Face Recognition using Multi-Modal Low-Rank Dictionary Learning

Face recognition has been widely studied due to its importance in different applications; however, most of the proposed methods fail when face images are occluded or captured under illumination and pose variations. Recently several low-rank dictionary learning methods have been proposed and achieved promising results for noisy observations. While these methods are mostly developed for single-modality scenarios, recent studies demonstrated the advantages of feature fusion from multiple inputs. We propose a multi-modal structured low-rank dictionary learning method for robust face recognition, using raw pixels of face images and their illumination invariant representation. The proposed method learns robust and discriminative representations from contaminated face images, even if there are few training samples with large intra-class variations. Extensive experiments on different datasets validate the superior performance and robustness of our method to severe illumination variations and occlusion.

Joint Projection and Dictionary Learning using Low-rank Regularization and Graph Constraints

In this paper, we aim at learning simultaneously a discriminative dictionary and a robust projection matrix from noisy data. The joint learning, makes the learned projection and dictionary a better fit for each other, so a more accurate classification can be obtained. However, current prevailing joint dimensionality reduction and dictionary learning methods, would fail when the training samples are noisy or heavily corrupted. To address this issue, we propose a joint projection and dictionary learning using low-rank regularization and graph constraints (JPDL-LR). Specifically, the discrimination of the dictionary is achieved by imposing Fisher criterion on the coding coefficients. In addition, our method explicitly encodes the local structure of data by incorporating a graph regularization term, that further improves the discriminative ability of the projection matrix. Inspired by recent advances of low-rank representation for removing outliers and noise, we enforce a low-rank constraint on sub-dictionaries of all classes to make them more compact and robust to noise. Experimental results on several benchmark datasets verify the effectiveness and robustness of our method for both dimensionality reduction and image classification, especially when the data contains considerable noise or variations.

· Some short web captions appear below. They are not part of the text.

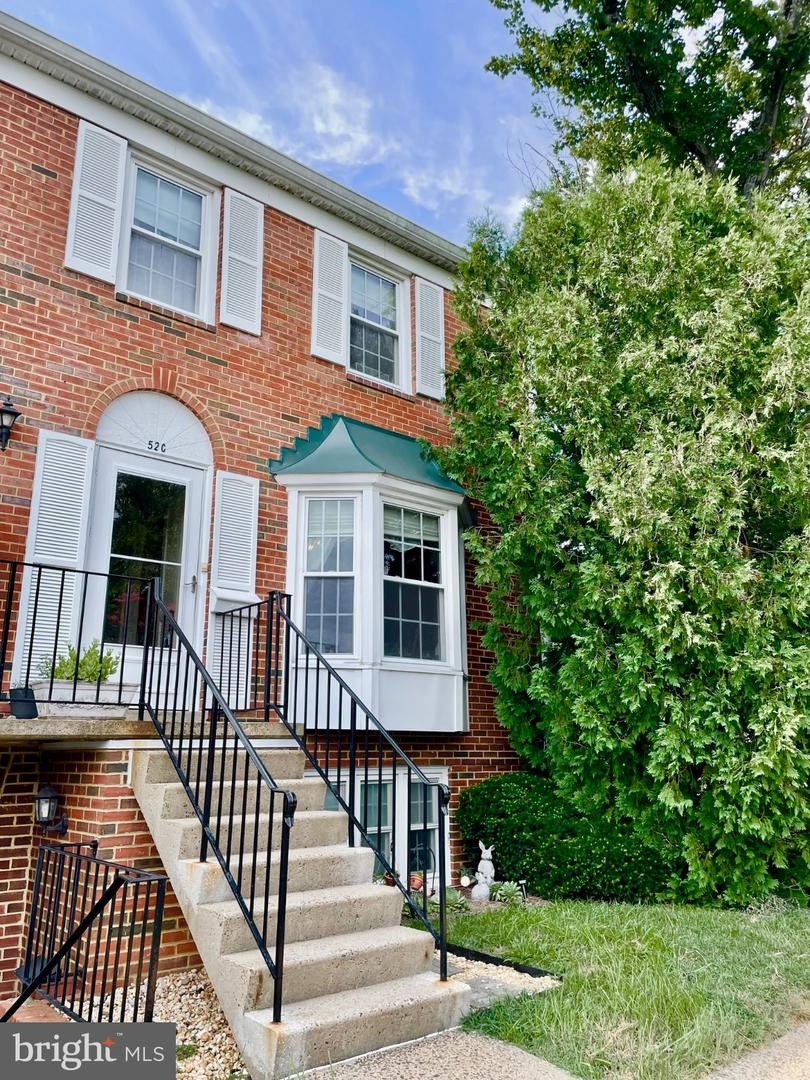 52C LEEDS CT, WARRENTON, Virginia 20186, 3 Bedrooms Bedrooms, 9 Rooms Rooms,2 BathroomsBathrooms,Residential,For sale,52C LEEDS CT,VAFQ2019796 MLS # VAFQ2019796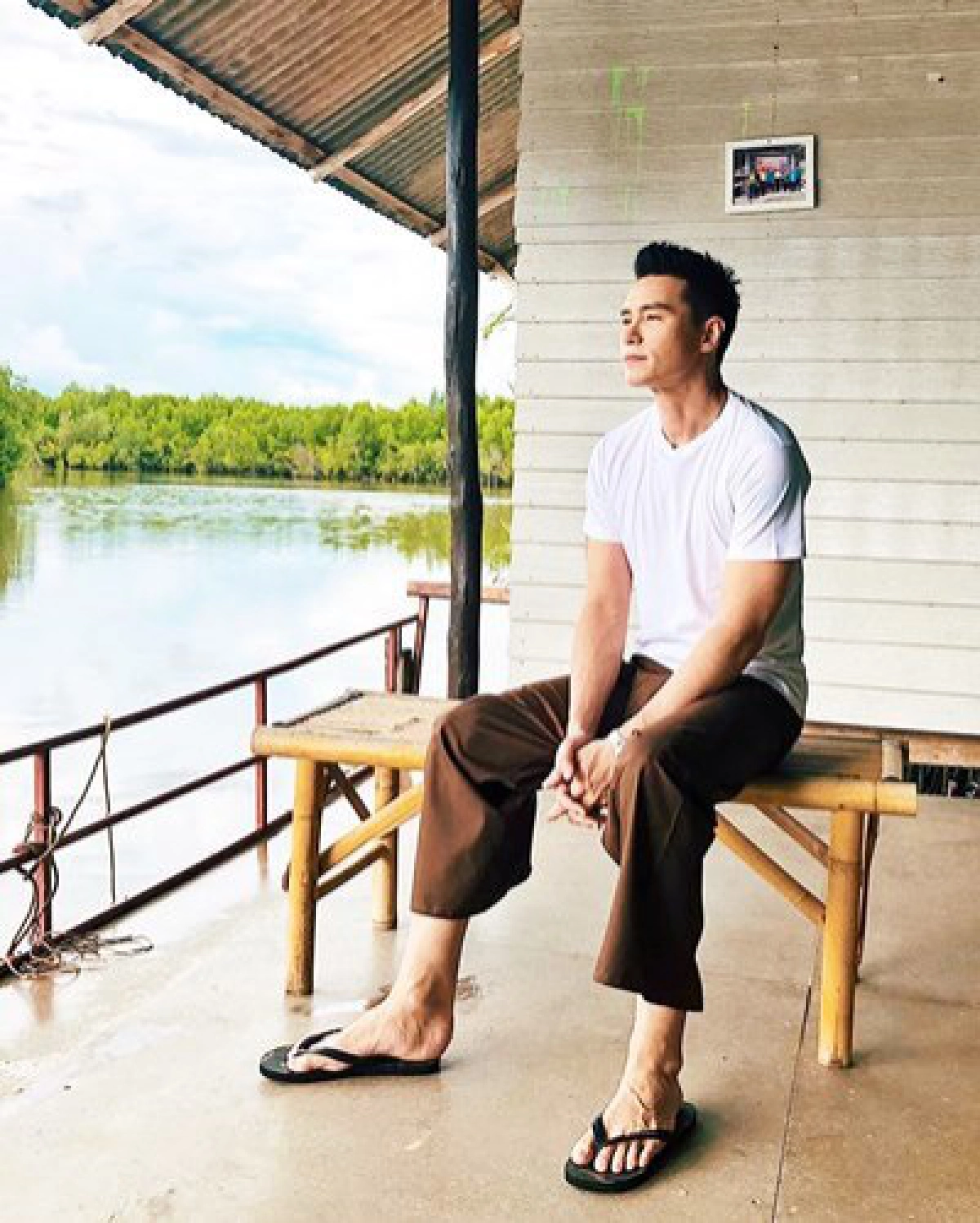 เม้าท์นอกจอ 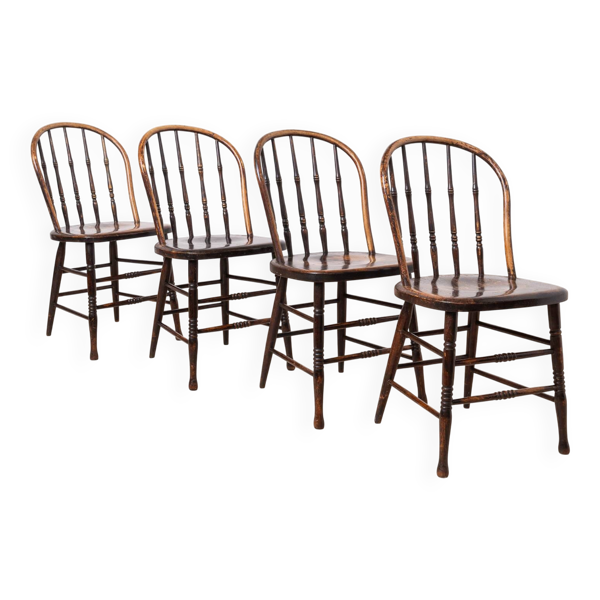 Ensemble de 4 chaises de salle à manger de style campagnard, dossier à barreaux, début du 20e siècle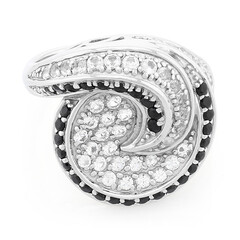 Anillo en plata con Espinela negra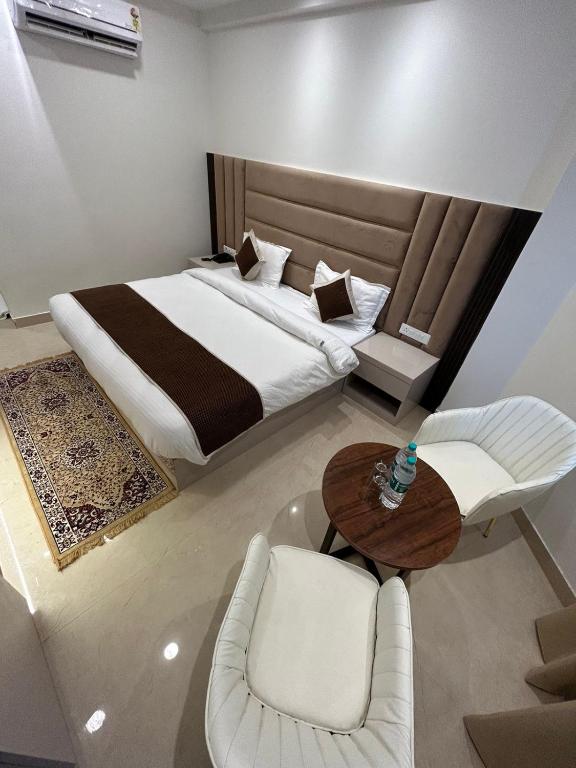 Postel nebo postele na pokoji v ubytování Hotel President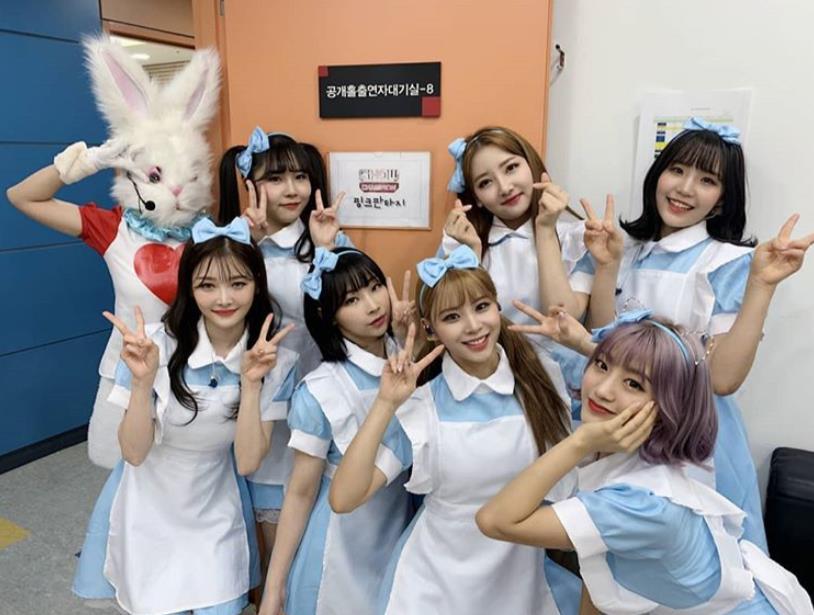 新女团公约要拿Billboard一位，网友：一辈子都要带着面具了？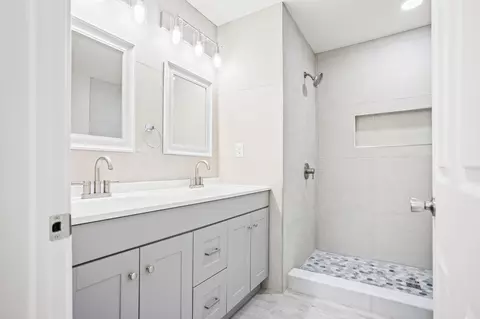 Bath - 1517 Parker St, Springfield, OH 45503 photo 3 of 6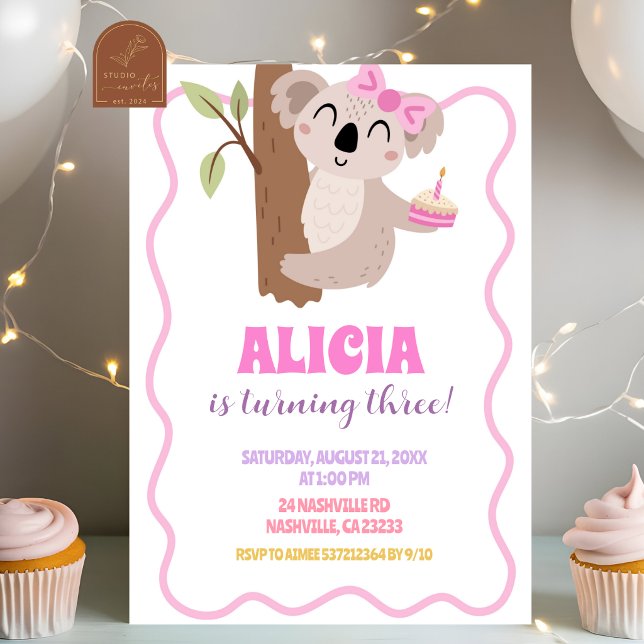 Invitación de cumpleaños de niña koala con lazo li (Subido por el creador)
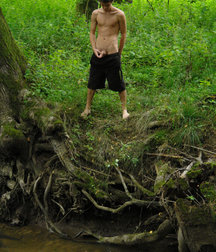 Gregor Bortel Pisses 5dc5a8d119d65.jpg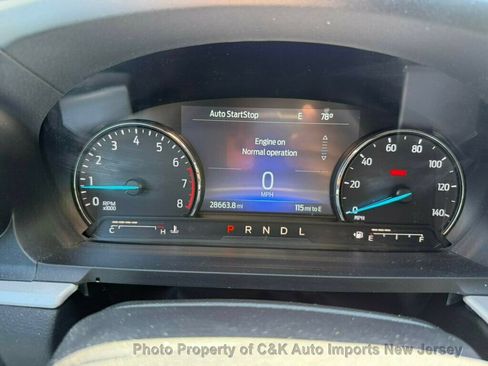 Used 2023 Ford Explorer XLT w/ Equipment Group 202A AWD/4WD image 22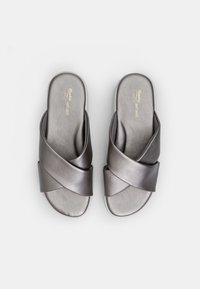 Sandale negre din piele, cu benzi încrucișate, textură netedă, tălpi căptușite și un design minimalist. Logo-ul auriu este embosat pe tălpi.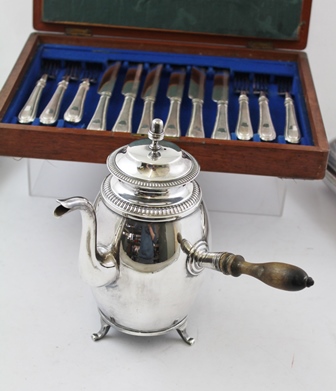 A VICTORIAN MAHOGANY CASED SET OF DESSERT KNIVES AND FORKS FOR TWELVE, together with a pair of - Image 2 of 5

Object Classification with Joint Projection and Low-rank Dictionary Learning

For an object classification system, the most critical obstacles towards real-world applications are often caused by large intra-class variability, arising from different lightings, occlusion and corruption, in limited sample sets. Most methods in the literature would fail when the training samples are heavily occluded, corrupted or have significant illumination or viewpoint variations. Besides, most of the existing methods and especially deep learning-based methods, need large training sets to achieve a satisfactory recognition performance. Although using the pre-trained network on a generic large-scale dataset and fine-tune it to the small-sized target dataset is a widely used technique, this would not help when the content of base and target datasets are very different. To address these issues, we propose a joint projection and low-rank dictionary learning method using dual graph constraints (JP-LRDL). The proposed joint learning method would enable us to learn the features on top of which dictionaries can be better learned, from the data with large intra-class variability. Specifically, a structured class-specific dictionary is learned and the discrimination is further improved by imposing a graph constraint on the coding coefficients, that maximizes the intra-class compactness and inter-class separability. We also enforce low-rank and structural incoherence constraints on sub-dictionaries to make them more compact and robust to variations and outliers and reduce the redundancy among them, respectively. To preserve the intrinsic structure of data and penalize unfavourable relationship among training samples simultaneously, we introduce a projection graph into the framework, which significantly enhances the discriminative ability of the projection matrix and makes the method robust to small-sized and high-dimensional datasets.